COLUMBUS (WCMH) — Mother’s Day weekend is the traditional time to plant tender annuals and vegetables in central Ohio, except in the rural eastern valleys, which are susceptible to a light frost into the third week of May.
But you’ll have to work around thick, soggy ground in places this weekend, with few air pockets typical of clay soils, which could lead to problems later if the excess moisture does not drain.
Mark Reiner, a third-generation nurseryman in a family business that goes back 70 years on Oakland Park Ave. in northwest Columbus, described some changes in plant selections in central Ohio as the weather warms.
“Planting tropicals, Florida tropicals, in the ground and in pots, has been a huge and increasing trend over the past couple of years,” said Reiner, who manages Oakland Nurseries. “It provides an amazing show from mid-spring to early and mid-fall,” Reiner noted.

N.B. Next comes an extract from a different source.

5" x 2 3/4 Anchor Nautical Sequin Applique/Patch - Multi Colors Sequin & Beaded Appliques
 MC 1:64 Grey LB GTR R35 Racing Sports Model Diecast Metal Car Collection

Some work will require heavy lifting.
Before planting a tree or shrub, make sure you dig a hole twice the size of the root bulb, said Reiner, while stressing the importance of keeping the top of the plant about a half-inch above the surrounding soil, effectively creating a cup around the tree to hold in rainwater.
Experts recommend up to 2 inches of mulch. Dark organic matter retains moisture heading into the normally drier summer months, which can be mixed with peat moss and humus.
So far this spring, precipitation is running more than 6 inches above normal in the Columbus area; and that’s coming on the heels of a record wet year in 2018.
Bill Diamond, a retired Columbus firefighter, is letting his wife Susan make all the Mother’s Day selections.
“I make a list, but I always buy more than what’s on my list,” said Susan Diamond. “She does a wonderful job,” her husband chimed in.
Jan and Jack Branham came down from Westerville to find colorful holiday flowers.
“After 47 years we both like the same thing,” said Jan Branham.
From gardenias to jasmine, hibiscus, shade-loving begonias, hydrangeas, hanging baskets and planters — and an array of garden vegetables such as tomatoes and peppers — it’s finally that time of year.